Spiderman: Homecoming

Spider-Man has had a tumultuous decade, to say the least. Following the controversial 2007 release of director Sam Raimi’s Spider-Man 3 and a troubled development process for the fourth film, Sony Pictures rebooted the franchise with Marc Webb’s The Amazing Spider-Man in 2012. However, backstage controversy and the lukewarm reception to Amazing Spider-Man 2 led Sony to cancel the reboot and finally agree to allow Marvel Studios to include the character in its films. Originally a Marvel Comics character, Spider-Man’s arrival in the Marvel Cinematic Universe marks the superhero’s return to his roots, a long-awaited and momentous event celebrated by the film’s title: “Homecoming.”  

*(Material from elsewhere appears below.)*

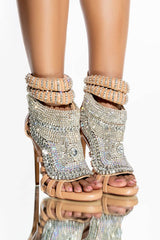 Rhinestone-Embellished Faux Leather Pointed Peep Toe Stiletto Heels - Nude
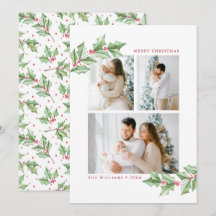 クリスマスの水彩ホーリー 3枚の写真 ホリデー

Marvel’s childlike glee at finally crafting a film iteration of its own intellectual property is evident in every frame of Homecoming, which sweeps its audience into a breezy action-comedy as giddy and bubbly as its young protagonist: Peter Parker, played with endearing energy by Tom Holland. But ultimately, Homecoming’s preoccupation with throwing a welcome party for the iconic web-slinger results in a great MCU but only decent Spider-Man film.

Homecoming is defined by its intimacy. It tells a story that takes place at the margins of the Marvel Cinematic Universe, away from the epic power shows and massive world-ending threats of the Avengers films.  After getting a brief taste of Avengers glory in 2016’s Captain America: Civil War, where Tony Stark (Robert Downey Jr.) recruited him to help take down the rogue team of Steve Rogers (Chris Evan), Peter Parker finds himself back in New York relegated to the mundane tasks of stopping bike robbers and giving directions to old women. To prove to Tony and his “supervisor” Harold Hogan (Jon Favreau) that he is worthy of the Avengers, Peter recklessly involves himself in the illegal weapons sales of Adrian Toomes (Michael Keaton). As his clash with Vulture escalates, Peter struggles to pursue his crush Liz Allan (Laura Harrier), manage his blabber mouth friend Ned Leeds (Jacob Batalon), and keep his identity secret from his aunt May (Marisa Tomei).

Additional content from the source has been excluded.